It also helps that this is the first draft. There are misspelled words and mangled grammar. There are sentences I’ll look at in three months and wonder, “What the hell does this mean?” Doesn’t matter. There are no mistakes. There are only things that need to be better. That’s what edits are for.


First drafts were always drudgery for me. Now I look forward to the next session. This may be the best first draft I’ve ever written. I don’t know if it will be the best book—a draft often bears only passing resemblance to a finished novel—but I’m delighted with what I’ll have to work with.


I’ve discovered chapters I’ll need to add. Leave them for the end, then find good places for them. Sanding off the unintentional edges are what edits are for. (Scrivener’s note cards are great for this. Just create a new card, type in a slug, and I’ll get to it when I get to it.) What’s best is the lack of anxiety. Every first draft I’ve written has had several, “Oh shit” moments. Not once in this one—so far—and I’m at least two-thirds of the way through.


I’ve known for years I’m more left-brained than it’s good for a creative person to be. Resting transparently allows my right brain to breathe. Taking my time allows what comes next to form itself in my subconscious so when I’m ready to rest transparently, what I need is right there.
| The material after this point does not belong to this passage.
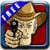 Agent Alex – Free
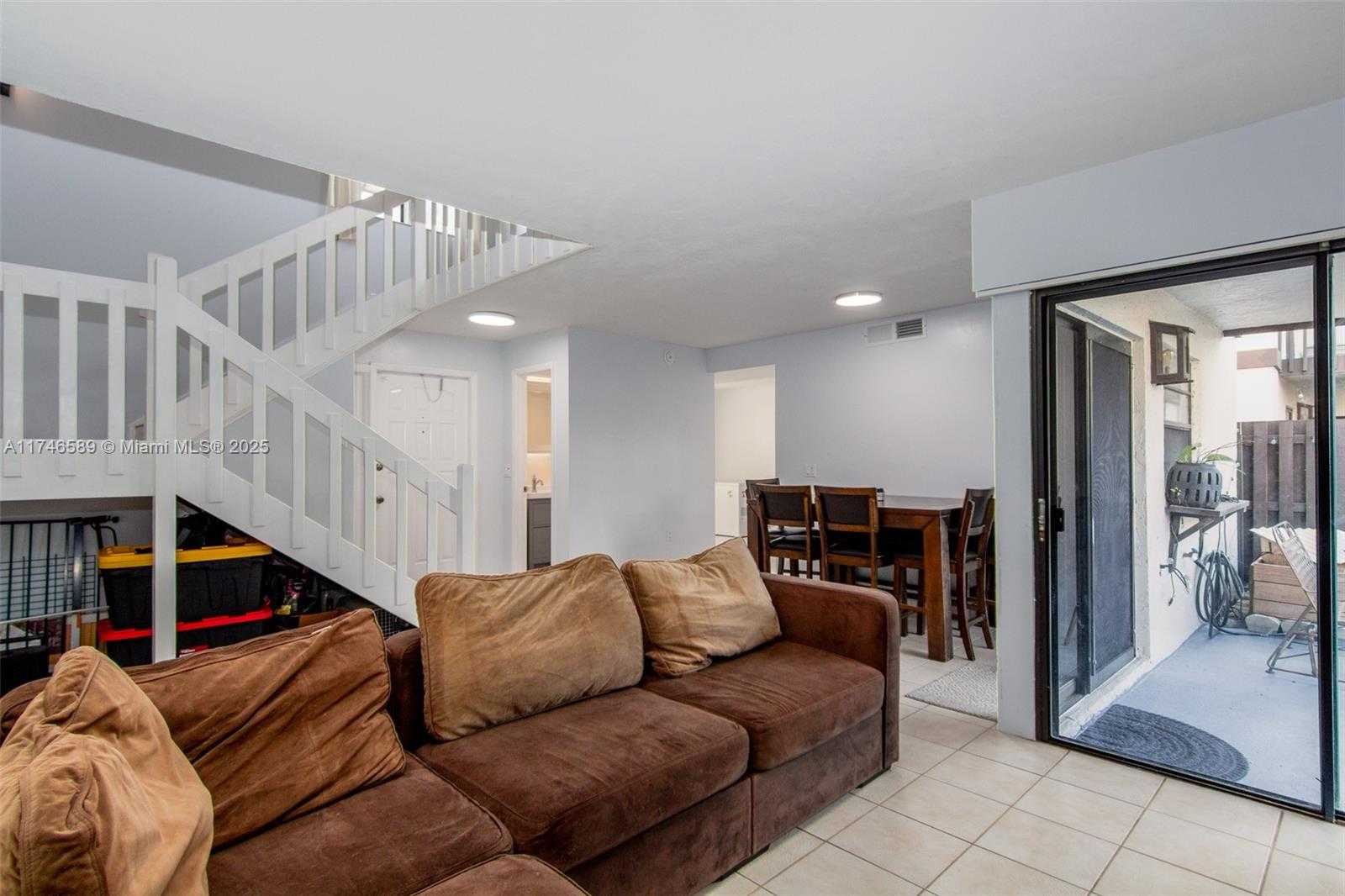 Small Image of 11024 SOUTH WEST 132ND CT #38-4, Miami Number 3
I never think about writing when I’m not writing anymore, which is another Milchian trademark. That doesn’t mean ideas don’t come to me unbidden. I came home from shopping recently with well over half of the plot for a new Nick Forte novel so well formed I typed out 1500 words of notes. Didn’t have to think about them. Just wrote down what was on the tips of my fingers.
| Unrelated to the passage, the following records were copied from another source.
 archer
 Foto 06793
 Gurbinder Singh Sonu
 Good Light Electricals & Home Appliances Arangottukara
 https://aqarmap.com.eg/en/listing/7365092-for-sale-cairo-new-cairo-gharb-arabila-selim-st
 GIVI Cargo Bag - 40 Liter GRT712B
We’re all looking for a way to open the tap in our brains that lets out the words we want in the order in which we want them. Resting transparently and taking my time will not make me more talented. They might help me to stay out of my own way.
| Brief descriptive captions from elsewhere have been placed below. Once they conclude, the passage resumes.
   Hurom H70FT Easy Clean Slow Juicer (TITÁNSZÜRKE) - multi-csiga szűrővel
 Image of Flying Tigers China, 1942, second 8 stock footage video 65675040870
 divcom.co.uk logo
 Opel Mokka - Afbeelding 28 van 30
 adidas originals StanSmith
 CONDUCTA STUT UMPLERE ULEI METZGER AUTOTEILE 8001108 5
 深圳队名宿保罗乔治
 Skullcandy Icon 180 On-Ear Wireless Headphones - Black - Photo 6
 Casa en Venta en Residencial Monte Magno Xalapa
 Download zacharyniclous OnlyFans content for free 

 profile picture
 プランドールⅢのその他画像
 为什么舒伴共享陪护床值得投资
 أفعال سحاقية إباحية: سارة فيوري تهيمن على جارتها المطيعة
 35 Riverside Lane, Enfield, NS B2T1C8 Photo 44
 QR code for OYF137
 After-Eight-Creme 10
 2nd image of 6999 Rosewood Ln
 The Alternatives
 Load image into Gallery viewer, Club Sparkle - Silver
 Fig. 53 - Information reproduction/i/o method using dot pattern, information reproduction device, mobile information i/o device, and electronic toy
Thursday, September 17, 2020



The Beloved Spouse™ and I rarely leap into the hot thing du jour. We let things breathe and gauge the reception over time before devoting any of our precious remaining hours to something. Ergo, we recently binge-watched NYPD Blue fifteen years after it went off the air. All 261 episodes. In a row. We didn’t watch anything else.


We don’t fuck around.


What a great show. Like any property that runs twelve years, it slows down a little toward the end, but not a lot. The entire cast turns over except for Sipowicz (Dennis Franz) and the producers use that turnover to shift the squad’s internal dynamics so you’re never quite sure what’s going to happen, but you have an idea how events will affect the characters.


If I had to pick one thing that stands out, it’s how the rest of the squad, including the bosses, come to respect and gain affection for Sipowicz. He’s a racist asshole when the show starts, and he’s never cuddly. He struggles with multiple demons and keeps them at bay while understanding they are never defeated. He learns when and how to ask for help, never more touchingly as when he calls his wife to come get him in a bar. “No, I’m not drinking. But if you don’t come for me I know I will.” Not an order; a plea. Early in the show the only person who has the time of day for him is his partner, John Kelly (David Caruso.) By the end the entire squad will do anything for him.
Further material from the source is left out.